When the user types while a turn is in flight the queued messages
render as "sliding in:" chips above the status bar. Previously
they sat flush against the streaming chat content above. Prepend
a single blank row so the chips have air on top.
The trailer blank inside the queue slice is removed because the
bottom-region assembly already inserts a blank above statusLines;
keeping it doubled the gap below the chips.
A drag-drop into VS Code's terminal arrives as a stream of single
KeyRune events (no bracketed paste). The main loop redrew between
every rune, so on a long session the path appeared to type in over
several seconds instead of landing instantly.
Bump the input channel buffer to 256 and, after handling one key,
non-blockingly drain every other key already queued before
issuing one invalidate. The whole burst processes in a single
main-loop pass and the screen repaints once at the end.

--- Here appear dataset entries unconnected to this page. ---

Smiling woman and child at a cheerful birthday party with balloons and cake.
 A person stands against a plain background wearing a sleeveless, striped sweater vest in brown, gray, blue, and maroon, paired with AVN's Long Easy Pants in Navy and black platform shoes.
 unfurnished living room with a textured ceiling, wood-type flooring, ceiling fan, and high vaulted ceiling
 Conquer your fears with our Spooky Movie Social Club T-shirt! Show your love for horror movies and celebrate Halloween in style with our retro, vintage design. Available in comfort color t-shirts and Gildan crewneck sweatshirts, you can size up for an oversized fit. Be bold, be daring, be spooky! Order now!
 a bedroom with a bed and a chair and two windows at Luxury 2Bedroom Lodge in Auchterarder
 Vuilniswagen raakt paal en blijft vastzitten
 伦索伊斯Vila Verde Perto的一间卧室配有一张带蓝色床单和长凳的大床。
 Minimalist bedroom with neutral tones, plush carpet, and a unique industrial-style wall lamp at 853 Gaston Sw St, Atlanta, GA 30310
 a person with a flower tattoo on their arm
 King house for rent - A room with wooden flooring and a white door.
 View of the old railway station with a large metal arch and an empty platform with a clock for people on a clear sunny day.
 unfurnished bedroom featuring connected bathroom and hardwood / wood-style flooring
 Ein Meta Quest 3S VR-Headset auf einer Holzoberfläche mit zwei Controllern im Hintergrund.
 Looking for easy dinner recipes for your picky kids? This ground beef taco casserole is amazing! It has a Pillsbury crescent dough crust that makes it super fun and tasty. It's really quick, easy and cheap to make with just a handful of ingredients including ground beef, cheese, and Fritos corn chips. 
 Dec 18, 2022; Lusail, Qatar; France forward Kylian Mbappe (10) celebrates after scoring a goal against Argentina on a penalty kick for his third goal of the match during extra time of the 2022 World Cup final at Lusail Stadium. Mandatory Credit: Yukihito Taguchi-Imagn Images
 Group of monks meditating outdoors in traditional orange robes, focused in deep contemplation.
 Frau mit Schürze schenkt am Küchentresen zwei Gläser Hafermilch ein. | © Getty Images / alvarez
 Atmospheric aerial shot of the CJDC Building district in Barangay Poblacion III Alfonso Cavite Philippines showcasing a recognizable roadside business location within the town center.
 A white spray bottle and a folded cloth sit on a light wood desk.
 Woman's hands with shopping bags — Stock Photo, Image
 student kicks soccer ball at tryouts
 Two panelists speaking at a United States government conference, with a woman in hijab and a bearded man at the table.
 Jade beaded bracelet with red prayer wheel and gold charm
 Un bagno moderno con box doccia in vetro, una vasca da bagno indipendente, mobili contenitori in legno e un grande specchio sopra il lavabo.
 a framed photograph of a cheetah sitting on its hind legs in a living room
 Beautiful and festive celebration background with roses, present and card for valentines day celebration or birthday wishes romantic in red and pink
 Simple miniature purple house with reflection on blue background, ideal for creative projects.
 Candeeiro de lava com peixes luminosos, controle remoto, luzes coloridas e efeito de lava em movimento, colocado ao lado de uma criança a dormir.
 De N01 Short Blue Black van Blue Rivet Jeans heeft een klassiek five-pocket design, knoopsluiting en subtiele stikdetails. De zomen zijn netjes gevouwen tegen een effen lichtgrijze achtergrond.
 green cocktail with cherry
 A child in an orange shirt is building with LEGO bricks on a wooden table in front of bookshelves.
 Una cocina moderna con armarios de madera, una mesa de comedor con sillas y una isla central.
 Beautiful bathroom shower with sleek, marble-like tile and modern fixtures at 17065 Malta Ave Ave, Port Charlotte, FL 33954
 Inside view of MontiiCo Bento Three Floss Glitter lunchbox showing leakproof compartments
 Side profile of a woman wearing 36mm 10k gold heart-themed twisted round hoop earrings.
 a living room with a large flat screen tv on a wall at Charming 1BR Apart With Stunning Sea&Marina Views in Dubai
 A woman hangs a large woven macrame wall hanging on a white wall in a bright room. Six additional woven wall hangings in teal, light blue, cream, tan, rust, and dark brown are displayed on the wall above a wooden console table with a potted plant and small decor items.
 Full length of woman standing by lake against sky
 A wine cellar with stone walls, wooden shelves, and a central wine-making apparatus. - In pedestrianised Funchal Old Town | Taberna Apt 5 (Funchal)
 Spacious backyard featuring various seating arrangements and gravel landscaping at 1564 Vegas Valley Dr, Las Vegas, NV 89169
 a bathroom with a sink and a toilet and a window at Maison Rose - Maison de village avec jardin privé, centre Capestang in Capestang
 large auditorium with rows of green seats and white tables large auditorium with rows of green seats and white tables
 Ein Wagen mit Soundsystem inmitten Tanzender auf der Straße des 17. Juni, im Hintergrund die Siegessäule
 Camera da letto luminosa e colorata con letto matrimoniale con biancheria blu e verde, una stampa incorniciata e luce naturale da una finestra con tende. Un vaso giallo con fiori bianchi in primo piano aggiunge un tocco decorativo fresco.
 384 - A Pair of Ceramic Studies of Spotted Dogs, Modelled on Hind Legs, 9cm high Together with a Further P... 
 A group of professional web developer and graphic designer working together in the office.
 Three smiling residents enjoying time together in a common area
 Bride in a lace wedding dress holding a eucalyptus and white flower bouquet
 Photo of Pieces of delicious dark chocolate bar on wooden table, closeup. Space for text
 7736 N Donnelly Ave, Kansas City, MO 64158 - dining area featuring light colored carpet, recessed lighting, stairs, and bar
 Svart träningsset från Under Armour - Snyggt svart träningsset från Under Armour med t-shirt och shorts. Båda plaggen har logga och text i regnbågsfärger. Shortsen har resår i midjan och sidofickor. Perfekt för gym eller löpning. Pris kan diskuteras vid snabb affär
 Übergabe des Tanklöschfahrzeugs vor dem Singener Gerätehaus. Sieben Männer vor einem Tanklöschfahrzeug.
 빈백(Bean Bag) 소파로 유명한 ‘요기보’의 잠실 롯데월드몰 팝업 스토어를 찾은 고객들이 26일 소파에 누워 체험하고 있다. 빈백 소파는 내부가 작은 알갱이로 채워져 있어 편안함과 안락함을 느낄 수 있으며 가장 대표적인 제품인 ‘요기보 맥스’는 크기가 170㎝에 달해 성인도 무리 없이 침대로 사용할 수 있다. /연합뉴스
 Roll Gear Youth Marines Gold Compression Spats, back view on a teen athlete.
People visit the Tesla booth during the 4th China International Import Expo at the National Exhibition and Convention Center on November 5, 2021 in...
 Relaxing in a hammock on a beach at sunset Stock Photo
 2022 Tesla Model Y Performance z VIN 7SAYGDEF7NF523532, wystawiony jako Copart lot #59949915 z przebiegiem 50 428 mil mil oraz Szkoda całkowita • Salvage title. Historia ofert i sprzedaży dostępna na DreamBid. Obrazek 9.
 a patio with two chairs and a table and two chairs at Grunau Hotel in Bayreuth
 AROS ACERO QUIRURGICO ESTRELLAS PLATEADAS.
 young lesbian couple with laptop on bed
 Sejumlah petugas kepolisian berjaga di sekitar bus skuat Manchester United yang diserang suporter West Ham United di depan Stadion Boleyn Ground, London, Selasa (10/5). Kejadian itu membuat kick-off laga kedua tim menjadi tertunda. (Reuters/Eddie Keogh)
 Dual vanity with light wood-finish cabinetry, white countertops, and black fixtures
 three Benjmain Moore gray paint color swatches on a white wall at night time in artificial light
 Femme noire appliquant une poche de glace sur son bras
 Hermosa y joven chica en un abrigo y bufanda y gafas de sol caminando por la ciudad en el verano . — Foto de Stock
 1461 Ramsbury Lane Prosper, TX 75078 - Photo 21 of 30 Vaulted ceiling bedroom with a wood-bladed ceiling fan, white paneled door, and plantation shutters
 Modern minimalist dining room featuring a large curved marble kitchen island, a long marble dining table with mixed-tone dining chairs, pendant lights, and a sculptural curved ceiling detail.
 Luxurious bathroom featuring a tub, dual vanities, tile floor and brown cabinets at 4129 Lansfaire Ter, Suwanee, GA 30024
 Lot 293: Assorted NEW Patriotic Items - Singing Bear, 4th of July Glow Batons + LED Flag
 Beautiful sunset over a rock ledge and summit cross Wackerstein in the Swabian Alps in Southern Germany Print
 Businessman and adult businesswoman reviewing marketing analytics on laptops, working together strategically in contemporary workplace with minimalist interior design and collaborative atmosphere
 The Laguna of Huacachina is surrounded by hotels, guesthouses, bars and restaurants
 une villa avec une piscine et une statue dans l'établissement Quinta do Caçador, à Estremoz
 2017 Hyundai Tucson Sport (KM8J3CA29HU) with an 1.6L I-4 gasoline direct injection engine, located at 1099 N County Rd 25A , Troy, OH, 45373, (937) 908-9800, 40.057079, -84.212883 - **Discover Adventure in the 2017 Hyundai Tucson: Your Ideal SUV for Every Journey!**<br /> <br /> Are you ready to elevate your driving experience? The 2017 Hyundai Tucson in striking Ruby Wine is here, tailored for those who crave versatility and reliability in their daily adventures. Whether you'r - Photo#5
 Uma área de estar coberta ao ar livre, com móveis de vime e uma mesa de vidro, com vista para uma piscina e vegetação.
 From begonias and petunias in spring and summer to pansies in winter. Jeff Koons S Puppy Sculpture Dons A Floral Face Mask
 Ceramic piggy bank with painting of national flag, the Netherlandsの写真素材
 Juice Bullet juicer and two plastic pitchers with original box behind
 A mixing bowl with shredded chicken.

Anthropic returns 'At least one of the image dimensions exceed max
allowed size for many-image requests' when a request contains more
than one image and any of them is larger than 2000 px on the
longest side. Single-image requests get a more lenient 8000 px
cap. OpenAI has no such limit, so a session that worked fine on
gpt-* breaks the moment /model swaps to a Claude family while the
transcript still holds high-res screenshots.
Add anthShrinkImageBytesIfTooBig that decodes any outbound image
exceeding 2000 px on the longest side, resamples it with Catmull-
Rom from golang.org/x/image/draw, and re-encodes in the same
format. JPEG stays JPEG, PNG stays PNG, GIF gets re-encoded as
PNG (we'd otherwise need to compose a single-frame gif by hand).
Decode/encode failures fall back to the original bytes so the
caller's flow is untouched and Anthropic's own error message
surfaces if the image is genuinely unusable.
Both Anthropic encode sites \u2014 the top-level message converter
and the tool-result inner converter \u2014 run every image through
the helper, so screenshots from earlier turns also get resized
on subsequent requests instead of failing forever once the
transcript captured them at full size.
Adds golang.org/x/image v0.18.0 (compatible with go 1.22).